Data warehouses are designed to overcome problems encountered when an organization attempts to perform strategic analysis using the same database that is used for online transaction processing (OLTP).
Data warehousing is the technique of extracting archived operational data and overcoming inconsistencies between different legacy data formats. As well as integrating data throughout an enterprise, regardless of location, format, or communication requirements, a data warehouse can incorporate additional or expert information.
It is the logical link between what the managers see in their decision support applications and the company's operational activities.
After the setup of a data warehouse, attention is usually switched to data mining (a term given many different definitions that I will not attempt to reconcile), which aims to extract new and meaningful information. In other words, a pool of 'useful information' that has been stored in a company data warehouse becomes 'intelligent information.'
Microsoft Excel with Add-Ins from Palisade
For the implementation of the examples discussed throughout this article, I have chosen NeuralTools and Evolver from Palisade, two plug-ins to Microsoft Office Excel. There are a number of commercial alternatives and even some well-regarded and free open-source alternatives to these choices. However, NeuralTools and Evolver are widely used throughout academia and industry, can be combined with other Excel add-ins, and are complemented by the very flexible functionality of Excel itself.
I also cite Microsoft Project Server supported by SQL Server and Analysis Services. The data created by Microsoft Project Professional can be saved in Microsoft Project Server and accessed as user-defined OLAP cubes, as discussed in Appendix 5.
It is not always necessary to create a data warehouse for OLAP analysis. Data stored by operational systems, such as point-of-sales, are in types of databases called OLTPs. OLTP, Online Transaction Process, databases do not have any difference from a structural perspective from any other databases. The main difference is the way in which data is stored.
OLTPs are designed for optimal transaction speed. When a consumer makes a purchase online, they expect the transactions to occur instantaneously. With a database design, called data modeling, optimized for transactions, the record 'Consumer name, Address, Telephone, Order Number, Order Name, Price, Payment Method' is created quickly on the database and the results can be recalled by managers equally quickly if needed.
Examples of OLTPs can include ERP, CRM, SCM, Point-of-Sale applications, and Call Center.
Data are not typically stored for an extended period on OLTPs for storage cost and transaction speed reasons.
OLAPs have a different mandate from OLTPs. OLAPs are designed to give an overview analysis of what happened. Hence, the data storage (in other words, data modeling) has to be set up differently. The most common method is called the star design, as shown in the right-hand side of Figure 2.

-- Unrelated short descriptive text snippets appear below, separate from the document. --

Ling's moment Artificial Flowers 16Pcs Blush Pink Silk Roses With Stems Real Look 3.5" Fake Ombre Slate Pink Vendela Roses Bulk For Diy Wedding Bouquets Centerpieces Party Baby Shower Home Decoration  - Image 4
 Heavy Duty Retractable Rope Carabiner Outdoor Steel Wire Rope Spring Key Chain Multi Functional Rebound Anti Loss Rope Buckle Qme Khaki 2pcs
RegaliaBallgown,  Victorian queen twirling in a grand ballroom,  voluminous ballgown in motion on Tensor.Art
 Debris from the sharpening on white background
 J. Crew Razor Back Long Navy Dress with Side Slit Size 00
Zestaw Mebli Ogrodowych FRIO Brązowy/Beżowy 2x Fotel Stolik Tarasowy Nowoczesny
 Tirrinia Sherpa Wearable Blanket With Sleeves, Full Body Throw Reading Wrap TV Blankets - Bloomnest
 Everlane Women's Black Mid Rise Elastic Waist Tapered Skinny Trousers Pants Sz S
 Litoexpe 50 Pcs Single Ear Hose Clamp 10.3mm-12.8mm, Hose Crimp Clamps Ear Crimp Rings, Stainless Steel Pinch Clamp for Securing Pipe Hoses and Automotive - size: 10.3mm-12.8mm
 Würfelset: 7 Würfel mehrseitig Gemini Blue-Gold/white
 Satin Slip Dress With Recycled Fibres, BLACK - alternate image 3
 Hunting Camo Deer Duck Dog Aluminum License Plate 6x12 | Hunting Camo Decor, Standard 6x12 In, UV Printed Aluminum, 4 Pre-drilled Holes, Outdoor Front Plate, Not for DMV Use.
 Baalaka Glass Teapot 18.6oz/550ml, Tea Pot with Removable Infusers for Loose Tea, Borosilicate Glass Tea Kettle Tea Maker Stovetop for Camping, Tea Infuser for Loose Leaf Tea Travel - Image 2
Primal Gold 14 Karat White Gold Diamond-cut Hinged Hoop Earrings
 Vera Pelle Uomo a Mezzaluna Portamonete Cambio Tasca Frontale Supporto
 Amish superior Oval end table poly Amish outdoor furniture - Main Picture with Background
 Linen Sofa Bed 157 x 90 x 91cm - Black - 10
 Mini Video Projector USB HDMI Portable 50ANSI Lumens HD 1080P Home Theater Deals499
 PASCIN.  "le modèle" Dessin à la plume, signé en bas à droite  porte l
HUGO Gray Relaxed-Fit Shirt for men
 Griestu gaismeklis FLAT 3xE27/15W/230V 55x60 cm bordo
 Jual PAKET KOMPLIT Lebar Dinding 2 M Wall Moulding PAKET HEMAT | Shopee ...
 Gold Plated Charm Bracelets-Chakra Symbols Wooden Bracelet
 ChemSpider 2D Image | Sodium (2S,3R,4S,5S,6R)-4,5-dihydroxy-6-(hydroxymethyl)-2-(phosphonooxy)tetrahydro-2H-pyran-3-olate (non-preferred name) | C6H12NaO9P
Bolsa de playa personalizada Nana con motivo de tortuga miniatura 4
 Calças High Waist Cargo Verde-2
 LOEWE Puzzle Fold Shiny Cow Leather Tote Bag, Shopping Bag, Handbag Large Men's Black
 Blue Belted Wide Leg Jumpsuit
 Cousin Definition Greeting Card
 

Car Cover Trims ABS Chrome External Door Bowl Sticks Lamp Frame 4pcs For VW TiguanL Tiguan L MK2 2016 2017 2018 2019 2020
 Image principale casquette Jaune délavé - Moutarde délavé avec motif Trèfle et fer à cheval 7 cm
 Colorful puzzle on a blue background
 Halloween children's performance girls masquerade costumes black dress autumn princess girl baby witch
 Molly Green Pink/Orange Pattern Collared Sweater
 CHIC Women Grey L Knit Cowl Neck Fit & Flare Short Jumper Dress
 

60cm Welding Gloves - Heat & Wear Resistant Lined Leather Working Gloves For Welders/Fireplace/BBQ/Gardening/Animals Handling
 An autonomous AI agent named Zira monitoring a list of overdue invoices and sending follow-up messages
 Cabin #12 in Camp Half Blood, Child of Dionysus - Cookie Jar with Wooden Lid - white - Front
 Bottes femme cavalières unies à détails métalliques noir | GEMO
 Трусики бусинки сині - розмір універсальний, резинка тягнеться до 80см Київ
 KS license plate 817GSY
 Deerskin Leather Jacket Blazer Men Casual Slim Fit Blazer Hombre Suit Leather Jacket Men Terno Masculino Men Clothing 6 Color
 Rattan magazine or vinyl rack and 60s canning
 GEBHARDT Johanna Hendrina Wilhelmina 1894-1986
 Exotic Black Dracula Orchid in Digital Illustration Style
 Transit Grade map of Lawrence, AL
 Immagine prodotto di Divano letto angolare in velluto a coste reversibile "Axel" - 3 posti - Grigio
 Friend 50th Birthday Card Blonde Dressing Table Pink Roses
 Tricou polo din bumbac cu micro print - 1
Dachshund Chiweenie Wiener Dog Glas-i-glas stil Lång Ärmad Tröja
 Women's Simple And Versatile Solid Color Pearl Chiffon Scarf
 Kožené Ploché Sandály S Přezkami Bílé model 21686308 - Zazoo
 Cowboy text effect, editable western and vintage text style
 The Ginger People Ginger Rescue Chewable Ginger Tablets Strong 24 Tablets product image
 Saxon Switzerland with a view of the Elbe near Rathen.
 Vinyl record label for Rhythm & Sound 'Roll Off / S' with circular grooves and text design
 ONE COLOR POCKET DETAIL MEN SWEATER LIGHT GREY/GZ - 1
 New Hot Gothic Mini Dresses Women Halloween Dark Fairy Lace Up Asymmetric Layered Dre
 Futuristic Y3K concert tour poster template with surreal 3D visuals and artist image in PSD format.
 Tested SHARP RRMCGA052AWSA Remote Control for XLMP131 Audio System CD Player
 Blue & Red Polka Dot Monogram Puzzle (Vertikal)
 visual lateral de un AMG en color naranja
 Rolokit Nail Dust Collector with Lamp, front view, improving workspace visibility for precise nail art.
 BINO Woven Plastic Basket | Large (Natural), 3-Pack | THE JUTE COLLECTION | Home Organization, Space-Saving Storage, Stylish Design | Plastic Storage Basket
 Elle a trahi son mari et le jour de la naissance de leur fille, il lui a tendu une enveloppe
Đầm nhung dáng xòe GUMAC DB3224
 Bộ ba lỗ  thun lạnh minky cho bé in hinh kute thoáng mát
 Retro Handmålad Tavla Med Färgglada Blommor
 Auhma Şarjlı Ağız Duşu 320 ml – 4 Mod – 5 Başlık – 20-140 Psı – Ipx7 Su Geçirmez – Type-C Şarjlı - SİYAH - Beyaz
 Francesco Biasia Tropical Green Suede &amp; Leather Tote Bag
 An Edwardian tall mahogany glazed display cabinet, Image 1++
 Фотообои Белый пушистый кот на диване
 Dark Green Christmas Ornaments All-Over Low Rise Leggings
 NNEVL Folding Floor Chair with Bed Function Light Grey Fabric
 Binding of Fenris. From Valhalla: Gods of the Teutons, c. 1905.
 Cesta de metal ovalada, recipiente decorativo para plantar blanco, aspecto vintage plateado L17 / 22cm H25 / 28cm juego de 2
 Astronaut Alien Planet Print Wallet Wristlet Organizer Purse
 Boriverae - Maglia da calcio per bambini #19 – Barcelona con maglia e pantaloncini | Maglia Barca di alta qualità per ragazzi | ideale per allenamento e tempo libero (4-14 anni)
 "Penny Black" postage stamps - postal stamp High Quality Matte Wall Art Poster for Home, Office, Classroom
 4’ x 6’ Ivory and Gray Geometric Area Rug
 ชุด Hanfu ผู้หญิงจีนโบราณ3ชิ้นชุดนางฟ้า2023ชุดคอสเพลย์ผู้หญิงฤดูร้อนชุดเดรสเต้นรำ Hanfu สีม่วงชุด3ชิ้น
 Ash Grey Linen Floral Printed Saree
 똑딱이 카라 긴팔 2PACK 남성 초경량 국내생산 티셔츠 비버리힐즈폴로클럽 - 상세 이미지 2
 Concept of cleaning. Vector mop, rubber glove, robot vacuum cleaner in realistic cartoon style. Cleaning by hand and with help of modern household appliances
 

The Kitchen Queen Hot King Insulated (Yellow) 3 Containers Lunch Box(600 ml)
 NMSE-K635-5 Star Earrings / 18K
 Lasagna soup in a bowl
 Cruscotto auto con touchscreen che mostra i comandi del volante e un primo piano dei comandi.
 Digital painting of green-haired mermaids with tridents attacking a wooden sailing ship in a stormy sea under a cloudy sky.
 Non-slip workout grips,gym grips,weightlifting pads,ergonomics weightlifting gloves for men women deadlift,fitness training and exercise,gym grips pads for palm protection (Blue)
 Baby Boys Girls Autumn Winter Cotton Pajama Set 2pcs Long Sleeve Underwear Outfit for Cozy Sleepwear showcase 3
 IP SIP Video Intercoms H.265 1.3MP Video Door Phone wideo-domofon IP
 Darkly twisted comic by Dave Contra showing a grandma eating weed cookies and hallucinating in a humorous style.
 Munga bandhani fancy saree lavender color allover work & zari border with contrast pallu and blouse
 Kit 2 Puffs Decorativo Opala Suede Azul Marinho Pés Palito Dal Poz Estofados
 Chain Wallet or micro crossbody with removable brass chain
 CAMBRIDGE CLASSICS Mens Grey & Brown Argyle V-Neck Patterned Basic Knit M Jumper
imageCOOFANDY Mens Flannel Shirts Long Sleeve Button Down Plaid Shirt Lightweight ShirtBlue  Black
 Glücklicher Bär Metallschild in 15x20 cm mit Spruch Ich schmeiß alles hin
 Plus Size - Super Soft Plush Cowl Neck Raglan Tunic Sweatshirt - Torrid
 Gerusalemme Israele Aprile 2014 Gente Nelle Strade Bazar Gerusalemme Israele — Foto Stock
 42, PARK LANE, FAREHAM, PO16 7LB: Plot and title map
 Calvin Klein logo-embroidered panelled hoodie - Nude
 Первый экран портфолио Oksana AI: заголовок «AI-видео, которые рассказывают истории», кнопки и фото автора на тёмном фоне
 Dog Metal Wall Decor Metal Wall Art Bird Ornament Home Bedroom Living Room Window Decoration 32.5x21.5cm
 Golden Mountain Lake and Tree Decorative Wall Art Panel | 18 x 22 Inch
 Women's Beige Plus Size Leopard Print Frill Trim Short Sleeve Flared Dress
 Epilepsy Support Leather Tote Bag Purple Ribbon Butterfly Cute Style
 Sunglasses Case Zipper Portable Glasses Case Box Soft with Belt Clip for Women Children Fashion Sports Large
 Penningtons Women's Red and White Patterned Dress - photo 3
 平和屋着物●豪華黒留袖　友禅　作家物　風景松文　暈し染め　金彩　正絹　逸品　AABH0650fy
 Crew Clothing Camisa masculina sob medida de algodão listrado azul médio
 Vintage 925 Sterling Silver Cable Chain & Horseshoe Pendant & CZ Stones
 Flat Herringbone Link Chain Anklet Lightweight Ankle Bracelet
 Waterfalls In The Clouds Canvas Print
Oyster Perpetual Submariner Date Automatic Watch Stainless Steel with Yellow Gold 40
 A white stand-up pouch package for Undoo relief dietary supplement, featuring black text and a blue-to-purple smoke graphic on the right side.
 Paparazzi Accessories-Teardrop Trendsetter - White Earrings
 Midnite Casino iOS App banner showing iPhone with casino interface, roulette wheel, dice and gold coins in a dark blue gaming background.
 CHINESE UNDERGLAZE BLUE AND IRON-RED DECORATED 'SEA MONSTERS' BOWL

Figure 2: Typical organization of data seen in OLTP databases (left) and OLAP data warehouse (right).
The central table in an OLAP start data model is called the fact table. The surrounding tables are called the dimensions. By using the above data model, it is possible to build reports that answer questions such as:
- Which supervisor gave the most discounts?
- What was the quantity shipped on a particular date, month, year, or quarter?
- In which zip code did product A sell the most?
To obtain answers, such as the ones above from a data model, OLAP cubes are created. OLAP cubes are not strictly cuboids—it is the name given to the process of linking data from the different dimensions. The cubes can be developed along business units, such as sales or marketing. Or, a giant cube can be formed with all the dimensions.